The city needed to increase its burial grounds, and Chacarita was chosen as the location for a new cemetery. Cementerio de la Chacarita was inaugurated on April 14th, 1871. The first to be buried was a bricklayer named Manuel Rodriguez.

The Western Railway quickly extended a line that would transport the accumulating dead. The train that performed this twice-daily task was named La Porteña, but became known as the "train of death."

The People's Commission was soon formed to handle the ravages of the epidemic across the city. The leader, José Roque Pérez, a prestigious lawyer shown in the painting to the left, succumbed to yellow fever along with many others who did not flee.

Over 13,000 people of the city's some 180,000 residents died in just several months, before the cold arrived and killed off mosquitoes. Normal life resumed in time, but this quote from Guillermo Hudson's "Ralph Herne" indicates that the city was haunted by the catastrophe for years after:

"...But the years of peace and prosperity did not delete the memory of that terrible period when during three long months the shadow of the Angel of Death extended over the city of the nice name, when the daily harvest of victims were thrown together — old and young, rich and poor, virtuous and villains — to mix their bones in a communal grave, when each day the echo of footsteps interrupted the silence less often, when like the past the streets became desolate and grassy."

Cementerio de la Chacarita has since become a place of worship and remembrance. Everyone is welcome in Chacarita, from the less-fortunate to the famed.
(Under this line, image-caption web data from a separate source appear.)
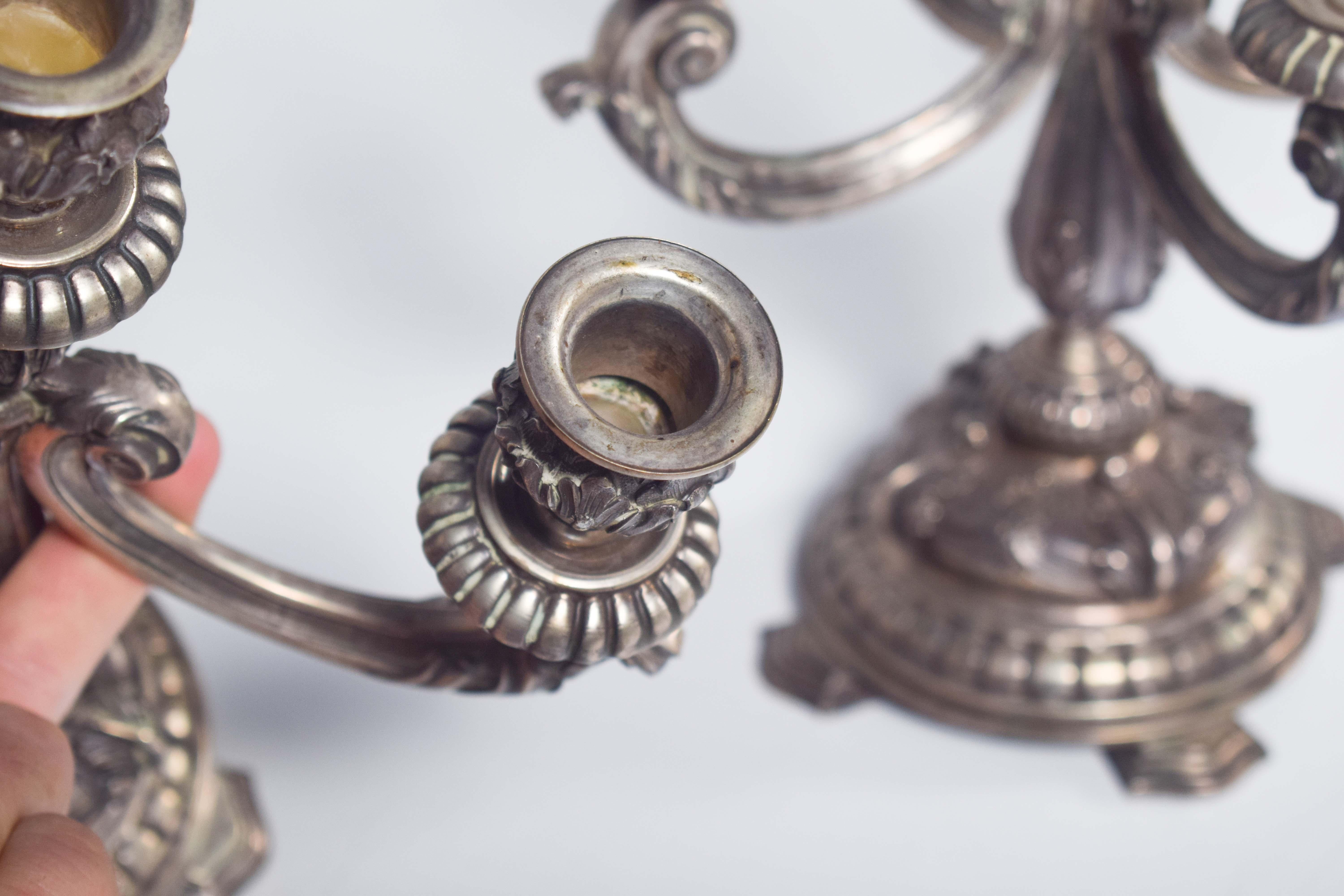 Coppia di candelabri a cinque luci in argento in vendita 1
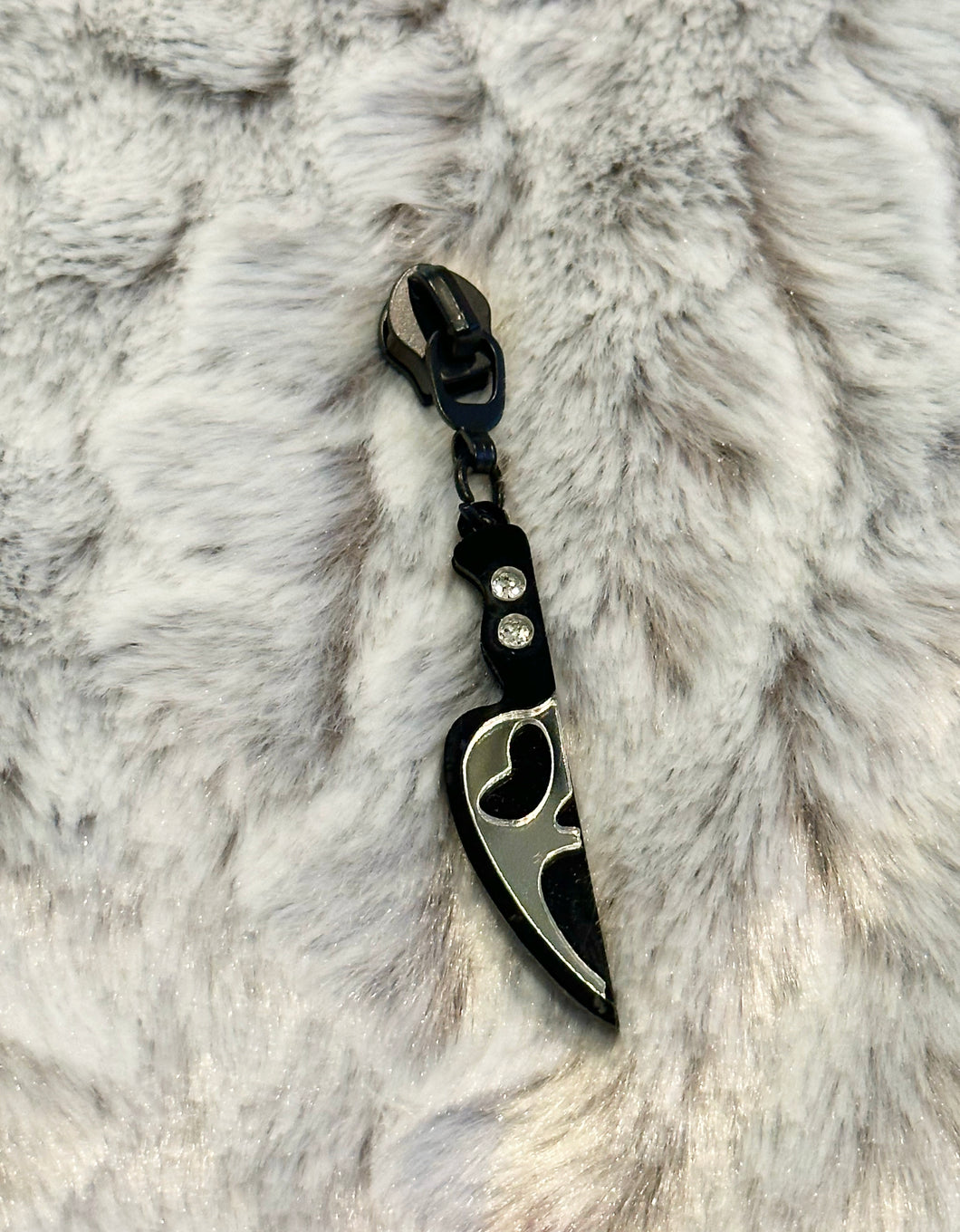 Scream Knife Zipper Pull (acrylic/mirrored w/rhinestones)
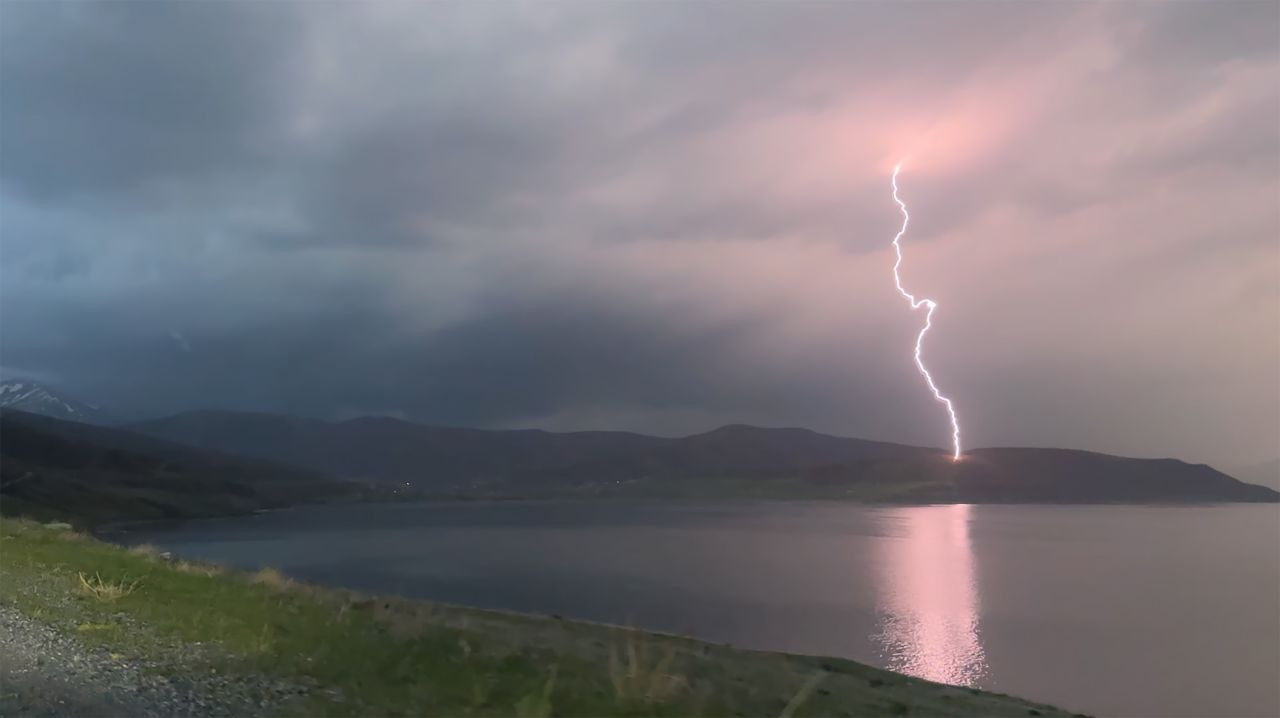 Van Gölü Üzerinde Çakan Şimşekler Hem Korkuttu Hem De Görsel Şölen Oluşturdu - Sayfa 1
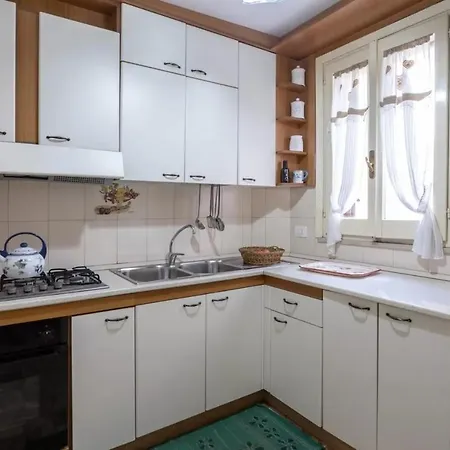 Bilocale Grazioso Al Centro Di Apartment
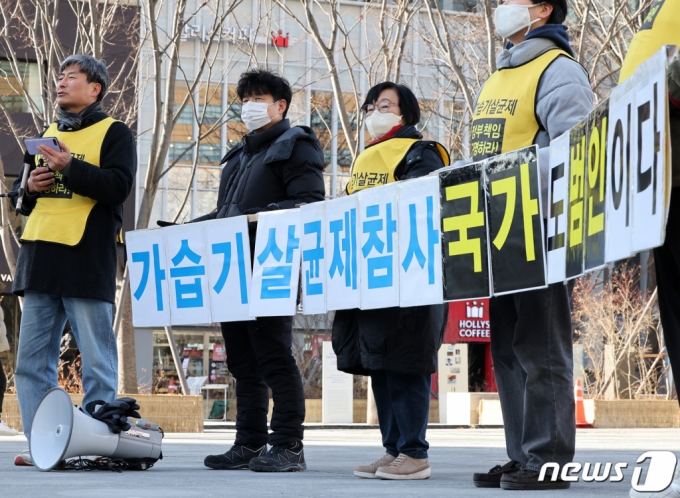 가습기살균제 피해자 및 환경시민단체 회원들이 지난달 25일 오후 서울 광화문 광장에서 가습기살균제참사 세퓨 제품피해 국가책임 민사소송 2심 판결에 대한 입장발표 기자회견을 하고 있다./사진=뉴스1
The soil there is for intellectuals, artists, boxers and ordinary people. Cementerio de la Recoleta, which turned away victims of the epidemic, has always been more aristocratic and exclusive. 

While Chacarita receives more residents than Recoleta, it has far fewer visitors. During my time there I never saw any other rovers like myself, just visiting relatives, caretakers, and a funeral gathering. I found it comforting that it's still a very personal place for Argentines. I felt privileged to explore the grounds and tried to maintain a respectfully low profile.

It was inaugurated as the "Cemetery of the West" in 1886, but its popular name stuck, and it was officially renamed in 1949.

Over the years its mausoleums became equally as splendid as Recoleta's, with an abundance of styles and design. Its grandeur endures, but has become worn down in many places. Though some of its aging is serious, I never thought of it as anything but beautiful.

Recently the union workers formally expressed their concern about the aging. There is a degree of abandonment, and water damage, which has resulted in the crumbling of masonry and deterioration of ceilings.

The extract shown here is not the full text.